Occhipinti, develops data science tools for use in personalized medicine alongside her colleague Claudio Angione also an associate professor at Teesside University. They have been using data science to predict patient outcomes from multiomics data.
“We start with the patient’s clinical profile and integrate this with multiomics data, and other test results from scans. We bring these data together using machine learning, which links the data from one patient to data from a large cohort of patients. This cross-comparison allow us to predict how the cancer will progress and which drugs could be used to treat that specific cancer subtype in that patient,” Occhipinti says.
The rise of data science has been integral to personalized medicine: it is the node that integrates patient data and determines how to treat their disease. Like easy access to DNA sequencing, readily available data science tools help to integrate multiomics into medical healthcare systems. However, the data science tools that Occhipinti is describing are some way off from clinical use.

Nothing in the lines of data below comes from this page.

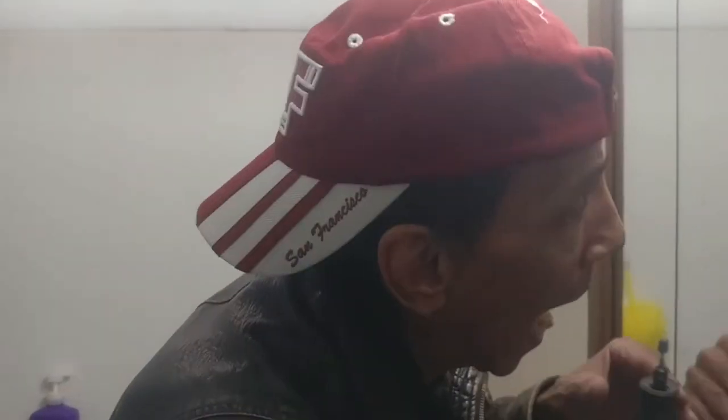Welcome to Ron's do-it-yourself dentistry. My teeth need to be grinded, so you take a Dremel and you grind it. It's simple. Who needs a dentist?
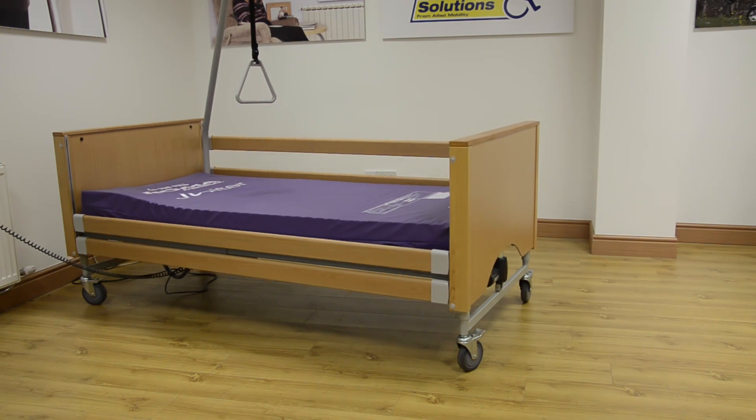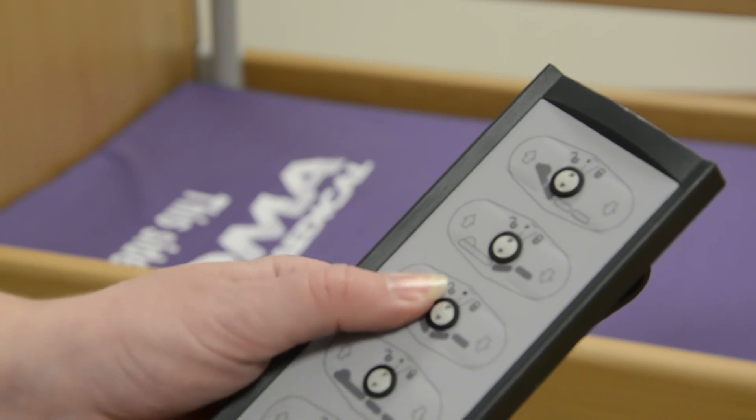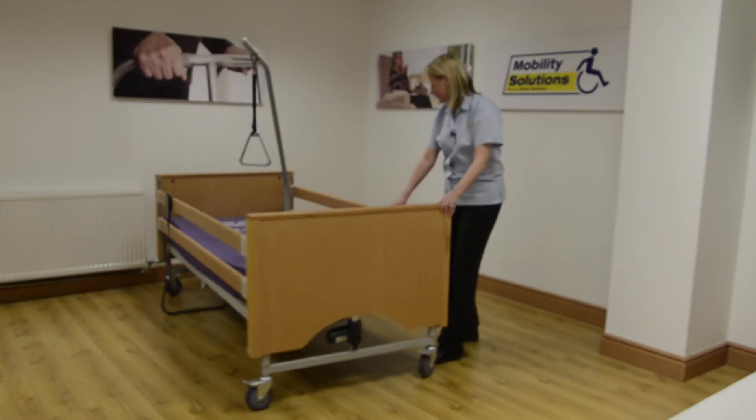The Siesta has an attractive beech finish, easy to use controls, and with its four caster wheels the bed can be moved around to wherever is convenient.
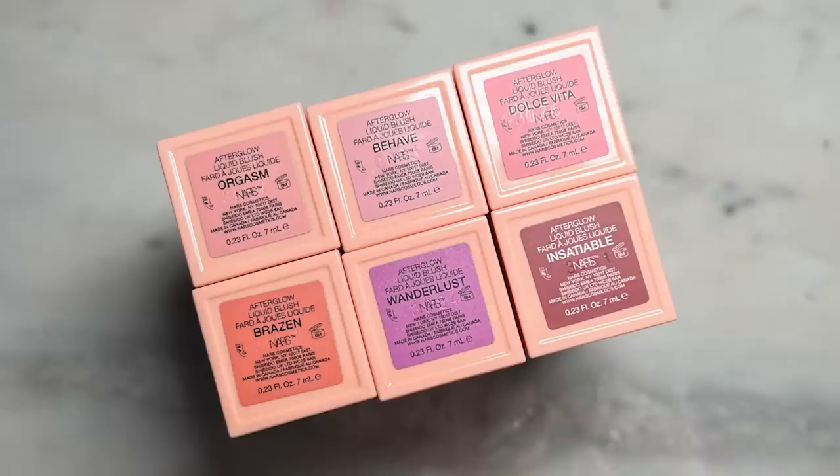Now for blush — I'm feeling very 50/50 on these. These are the new NARS Afterglow liquid blushes. I've tried pretty much every color in the range aside from the darkest one, Insatiable. Some of the lighter colors just blend out and look like a skincare serum without any tint at all, and some can blend out a little patchy. My mom compliments me every time I wear one of these, and she's as tough a critic for blushes as I am with highlighters.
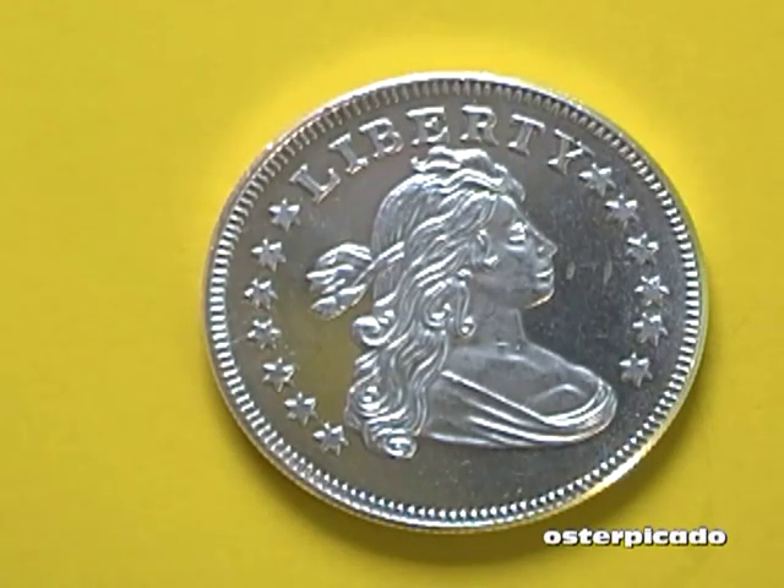Hello. What I'd like to do today is to perform an acid test on a silver round that I bought at a garage sale a month or so ago. I'm kind of suspicious about it. I thought I'd test it here live in front of you and we'll see how it turns out.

“One important question is how accurate the computational predictions are. Is this more accurate than a specialist oncologist? This comes down to training algorithms. The more data that computational models learn from, the more predictive accuracy they have. But perhaps the question is a red herring, as we are working out how data science tools can complement clinician decision making rather than replace it entirely,” adds Angione.
Treating you and your genes
Perhaps ironically, data science is enabling scientists to view patients as more than just a set of numbers. By integrating vast amounts patient data, clinicians and scientists have great potential in understanding how individuals deal with diseases. Afterall, every patient has different ways of coping with and responding to illness.
Going back to the approaches used in ancient Egyptian medicine, personalized medicine must aim to incorporate psychological and environmental aspects of a patient’s life to treat diseases. Many scientists and clinicians are taking this on board, aiming to study subjective aspects of disease states with empirical techniques. For example, scientists have recently identified patterns of brain activity that correspond to clinical pain. While still translational work, a recent study published in Nature Medicine describes the development of an algorithm that can detect chronic pain states in individual patients based on their brain activity recorded with magnetic resonance imaging (fMRI). With this data, clinicians aim to assess if a patient is suffering and what they can do to treat it.
When will personalized medicine reach the clinic?
Tremendous progress has been made to make medicine more personalized since the publication of the human genome in the early 2000s. A boom in multiomics and data science techniques is helping to develop healthcare options that are better tailored to individual patients’ needs rather than fitting them into a one-size fits all approach.
However, according to Sanders, personalized medicine has some way to go before being systematically integrated into healthcare systems: “Generating the multiomics data required to deeply characterize patients requires expensive technologies that are not readily available in clinics. Extracting the disease characteristics from these data requires specialized knowledge and computational experience which takes time to analyze. The current challenge is to reduce the cost and time for diagnosis so that we can implement personalize medicine in routine clinical practice.”
Perhaps what’s needed most to make personalized medicine accessible for more patients is not technological advancements, but methods to streamline personalized healthcare approaches into broader healthcare systems.